___ Stored data ___

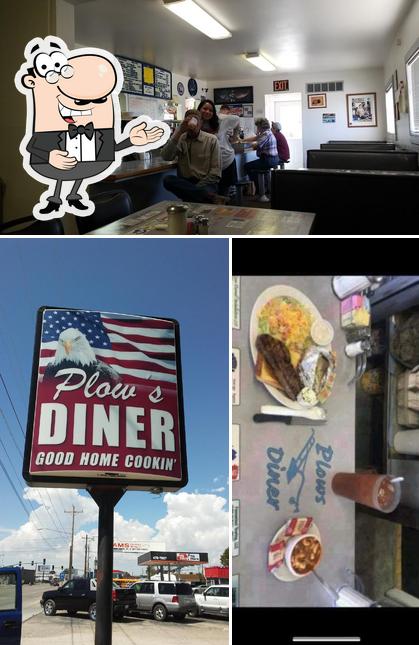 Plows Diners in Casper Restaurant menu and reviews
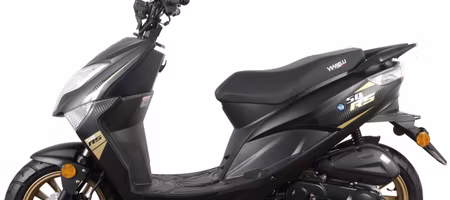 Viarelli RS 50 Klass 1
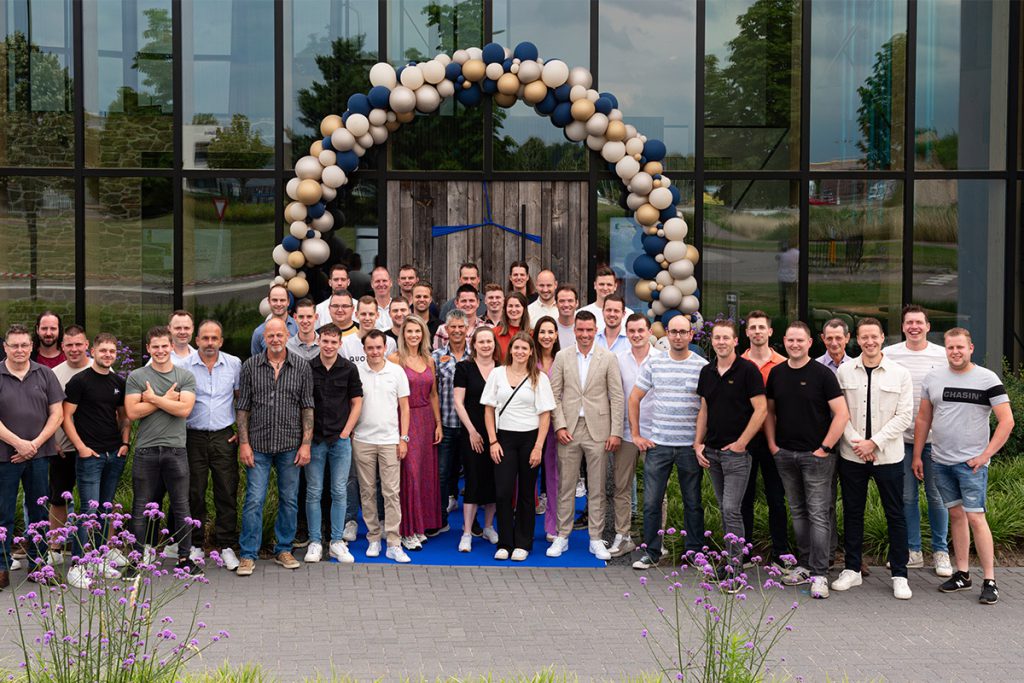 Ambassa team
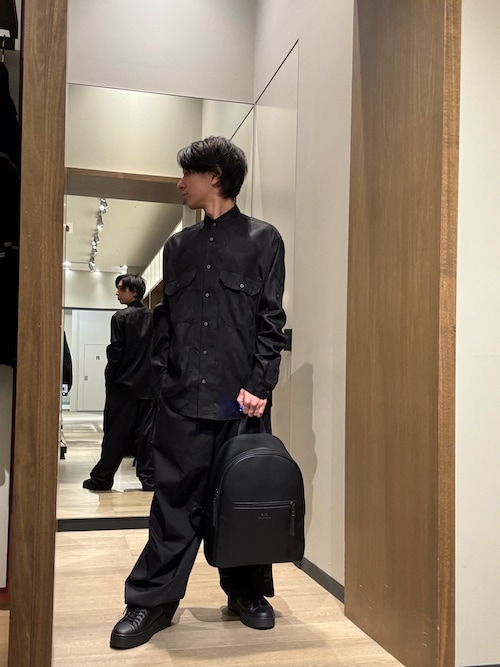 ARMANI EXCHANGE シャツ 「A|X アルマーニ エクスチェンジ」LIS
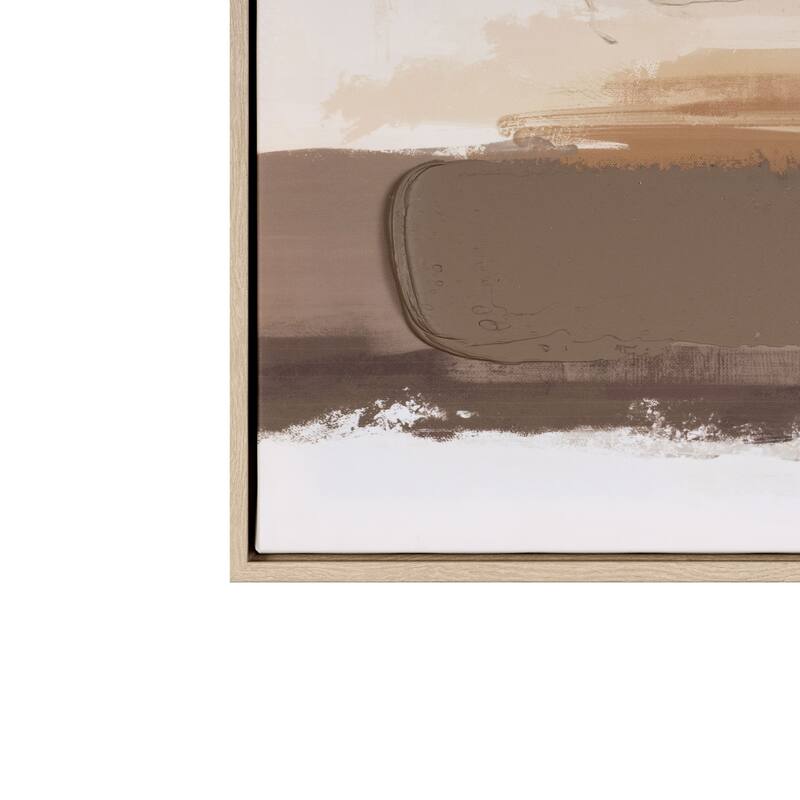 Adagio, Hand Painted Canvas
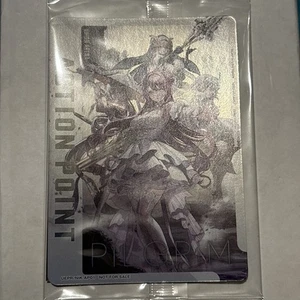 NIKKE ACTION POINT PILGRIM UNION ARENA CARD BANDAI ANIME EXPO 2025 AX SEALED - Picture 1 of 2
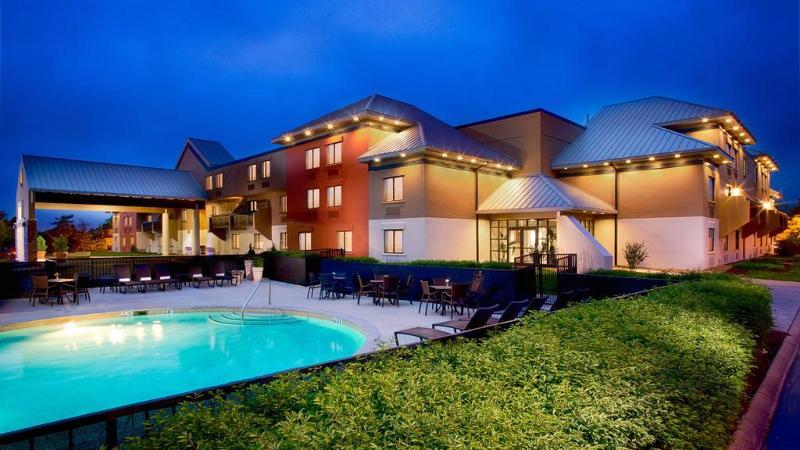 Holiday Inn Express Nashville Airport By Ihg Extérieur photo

___

### How to complete this task:
Reproduce verbatim, and only, the lines starting at the one that contains "Adagio, Hand Painted Canvas" and ending with the final line of the records; leave out the pictures.

### Your solution:
 Adagio, Hand Painted Canvas
 NIKKE ACTION POINT PILGRIM UNION ARENA CARD BANDAI ANIME EXPO 2025 AX SEALED - Picture 1 of 2
 Holiday Inn Express Nashville Airport By Ihg Extérieur photo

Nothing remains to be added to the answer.